18 June 2011

Brevity is the soul of wit. Some people would do well to remember that. (Review: 'The Shadow Line')

A seven-part TV drama featuring The Operative, The Ninth Doctor and Robert Pugh (who doesn't have a single role that he's remembered for, although he did do a great Hermann Goering one time) should be good.

It isn't. It's a boring work that should have lost at least an episode on the edit and needed a better director.
****
The Shadow Line is basically a murder mystery/conspiracy thriller in the same vein as Edge of Darkness etc. A drug dealer by the name of Harvey Wratten is murdered (his body is found by two coppers who deliberately ignore the "do not touch the corpse rule").
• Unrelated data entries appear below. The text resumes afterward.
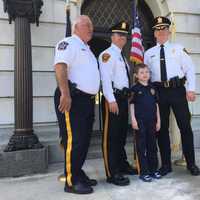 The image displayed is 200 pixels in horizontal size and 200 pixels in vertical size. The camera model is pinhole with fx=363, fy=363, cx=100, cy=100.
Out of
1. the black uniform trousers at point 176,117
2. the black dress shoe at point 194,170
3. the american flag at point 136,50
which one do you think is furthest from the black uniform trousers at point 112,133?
the black dress shoe at point 194,170

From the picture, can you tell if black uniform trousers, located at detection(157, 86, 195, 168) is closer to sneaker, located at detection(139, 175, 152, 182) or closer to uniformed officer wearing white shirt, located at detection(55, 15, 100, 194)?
sneaker, located at detection(139, 175, 152, 182)

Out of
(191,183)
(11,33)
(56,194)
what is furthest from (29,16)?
(191,183)

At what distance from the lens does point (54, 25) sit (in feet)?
18.2

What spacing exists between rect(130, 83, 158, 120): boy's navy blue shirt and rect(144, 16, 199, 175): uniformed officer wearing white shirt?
0.22m

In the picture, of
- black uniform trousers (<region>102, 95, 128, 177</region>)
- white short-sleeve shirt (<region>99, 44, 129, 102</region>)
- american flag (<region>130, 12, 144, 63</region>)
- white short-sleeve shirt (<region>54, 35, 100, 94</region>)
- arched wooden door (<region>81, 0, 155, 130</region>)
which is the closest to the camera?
white short-sleeve shirt (<region>54, 35, 100, 94</region>)

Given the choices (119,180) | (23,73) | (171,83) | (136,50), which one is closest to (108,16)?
(136,50)

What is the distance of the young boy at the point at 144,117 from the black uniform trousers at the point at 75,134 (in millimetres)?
701

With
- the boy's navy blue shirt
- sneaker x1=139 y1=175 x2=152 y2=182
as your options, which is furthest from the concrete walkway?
the boy's navy blue shirt

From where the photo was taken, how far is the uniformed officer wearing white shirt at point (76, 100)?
369cm

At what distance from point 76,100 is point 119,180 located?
1.05 m

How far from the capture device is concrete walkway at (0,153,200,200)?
368 cm

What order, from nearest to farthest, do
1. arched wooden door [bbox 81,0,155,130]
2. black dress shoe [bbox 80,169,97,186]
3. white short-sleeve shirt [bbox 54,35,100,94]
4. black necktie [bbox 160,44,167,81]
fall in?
white short-sleeve shirt [bbox 54,35,100,94] → black dress shoe [bbox 80,169,97,186] → black necktie [bbox 160,44,167,81] → arched wooden door [bbox 81,0,155,130]

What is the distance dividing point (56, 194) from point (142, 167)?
1.07m

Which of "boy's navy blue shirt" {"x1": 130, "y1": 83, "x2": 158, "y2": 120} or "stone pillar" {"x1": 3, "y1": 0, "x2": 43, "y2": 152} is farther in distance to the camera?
"stone pillar" {"x1": 3, "y1": 0, "x2": 43, "y2": 152}
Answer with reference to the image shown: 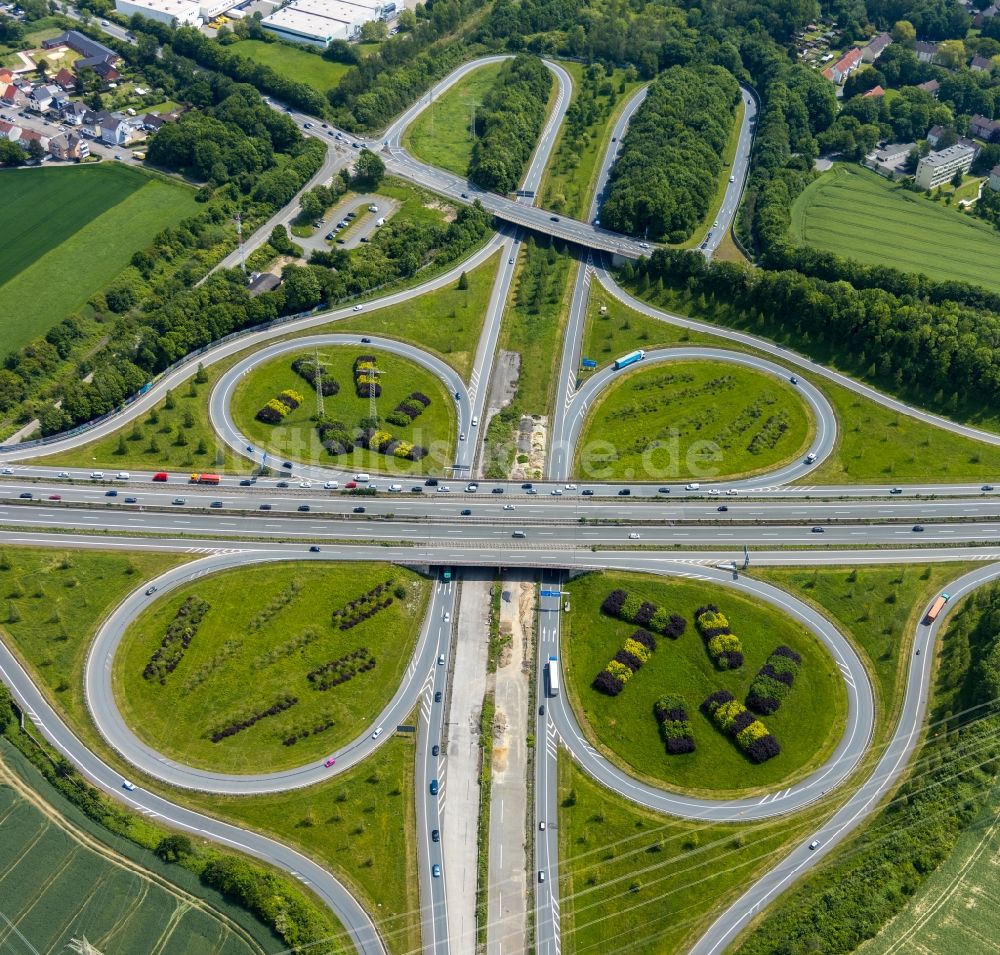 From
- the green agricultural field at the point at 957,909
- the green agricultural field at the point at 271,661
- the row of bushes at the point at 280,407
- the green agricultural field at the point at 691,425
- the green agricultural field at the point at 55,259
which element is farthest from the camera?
the green agricultural field at the point at 55,259

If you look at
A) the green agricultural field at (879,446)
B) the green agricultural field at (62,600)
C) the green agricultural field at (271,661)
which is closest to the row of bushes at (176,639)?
the green agricultural field at (271,661)

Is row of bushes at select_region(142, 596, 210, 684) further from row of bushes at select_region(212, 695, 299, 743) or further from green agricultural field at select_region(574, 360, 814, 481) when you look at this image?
green agricultural field at select_region(574, 360, 814, 481)

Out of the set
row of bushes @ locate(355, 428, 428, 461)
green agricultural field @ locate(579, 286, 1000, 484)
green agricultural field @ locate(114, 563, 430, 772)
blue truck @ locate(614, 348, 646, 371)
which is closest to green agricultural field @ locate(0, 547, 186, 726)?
green agricultural field @ locate(114, 563, 430, 772)

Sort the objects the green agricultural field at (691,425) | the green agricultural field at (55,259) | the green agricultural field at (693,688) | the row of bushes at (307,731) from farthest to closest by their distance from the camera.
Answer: the green agricultural field at (55,259) → the green agricultural field at (691,425) → the row of bushes at (307,731) → the green agricultural field at (693,688)

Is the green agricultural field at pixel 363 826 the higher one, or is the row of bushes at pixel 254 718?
the row of bushes at pixel 254 718

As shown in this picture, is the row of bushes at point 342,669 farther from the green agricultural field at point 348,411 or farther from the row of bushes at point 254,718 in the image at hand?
the green agricultural field at point 348,411

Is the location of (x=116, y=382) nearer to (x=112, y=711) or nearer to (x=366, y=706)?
(x=112, y=711) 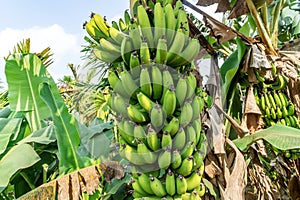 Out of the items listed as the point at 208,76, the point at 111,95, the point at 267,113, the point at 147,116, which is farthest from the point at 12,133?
the point at 267,113

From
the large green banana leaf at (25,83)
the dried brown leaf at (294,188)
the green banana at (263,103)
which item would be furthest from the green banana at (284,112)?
the large green banana leaf at (25,83)

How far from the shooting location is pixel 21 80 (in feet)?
6.31

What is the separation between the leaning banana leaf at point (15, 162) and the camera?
4.86 feet

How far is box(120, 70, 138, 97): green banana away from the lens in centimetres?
123

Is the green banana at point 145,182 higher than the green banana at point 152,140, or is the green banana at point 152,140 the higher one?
the green banana at point 152,140

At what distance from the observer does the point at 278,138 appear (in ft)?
4.91

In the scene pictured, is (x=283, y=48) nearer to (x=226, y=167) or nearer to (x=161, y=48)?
(x=226, y=167)

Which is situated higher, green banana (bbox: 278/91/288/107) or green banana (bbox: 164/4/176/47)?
green banana (bbox: 164/4/176/47)

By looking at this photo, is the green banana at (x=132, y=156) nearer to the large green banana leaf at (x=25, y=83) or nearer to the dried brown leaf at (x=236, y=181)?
the dried brown leaf at (x=236, y=181)

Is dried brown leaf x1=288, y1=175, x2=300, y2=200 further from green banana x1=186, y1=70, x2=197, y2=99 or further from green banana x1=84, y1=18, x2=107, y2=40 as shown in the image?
green banana x1=84, y1=18, x2=107, y2=40

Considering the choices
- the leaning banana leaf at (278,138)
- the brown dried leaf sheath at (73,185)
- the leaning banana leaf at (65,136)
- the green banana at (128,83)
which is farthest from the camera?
the leaning banana leaf at (65,136)

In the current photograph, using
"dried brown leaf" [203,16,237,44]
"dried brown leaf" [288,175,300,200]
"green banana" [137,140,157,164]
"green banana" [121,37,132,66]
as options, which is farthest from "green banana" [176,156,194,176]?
"dried brown leaf" [288,175,300,200]

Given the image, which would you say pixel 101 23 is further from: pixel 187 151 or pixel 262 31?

The police investigate and so do the criminals.

One of the officers is DI Jonah Gabriel (Chiwetel Ejiofor), who is returning to work after the death of his colleague via a bullet that is now lodged in his skull. He doesn't remember the events that led up to his colleague's death. He's going to find out.

In the meantime, Joseph Bede (Christopher Eccleston), a man with a wife dying of cancer, is trying to arrange a major drug deal.
****
What sounds like a brilliant premise is fatally flawed in the execution. I'll list the reason

1. The primary problem is the funereal pacing, more suited to a book. Nearly every scene is longer than it should have been and the ending went along far too long.

2. The plot was confusing and hard to keep track of. You didn't remember who was who in the drugs trade, that's for certain.

3. I was also annoyed at unconvincing police cars and oddly enough shoulder numbers (I live in London - I know what Met Police vehicles and shoulder numbers look like).

4. Then there's the dialogue: characters go on bizarre tangents in the middle of conversations and some of the speech ("It's time to call the cops!") is just bizarre.

5. The acting also leaves much to be desired. Especially Kierston Wearing's DS Lia Honey, who was rapidly nicknamed "DS Collagen" on Gallifrey Base and who ended up having a rubber pistol held against her neck (you could see it bend).

6. Finally, the resolution to the plot was a bit rubbish. Counterpoint could have been so much better (perhaps police officers were buying up drugs to prevent them from ending up on the street, which of course means the dealers are getting money). The [spoiler] was overdone and the ending dragged far too much.
****
There were two things that were good about this. Firstly, the haunting theme tune, "Pause" by Emily Barker and the Red Clay Halo, which I bought off Amazon during this run (I don't do that for many themes).

Secondly, Stephen Rea's Gatehouse. This calm, polite killer stole most of the scenes that he was in. Never has the word "Beep" been so ominous. Sadly, even he got a bit poor near the end.

****

I think that the primary cause of failure for this was Hugo Blick (a man whose experience has been comedy) deciding to write, produce and direct. Those are three different roles and it takes a rare genius to do the trifecta. Blick, alas, was not sort of person.

3/10. This could have been so much better.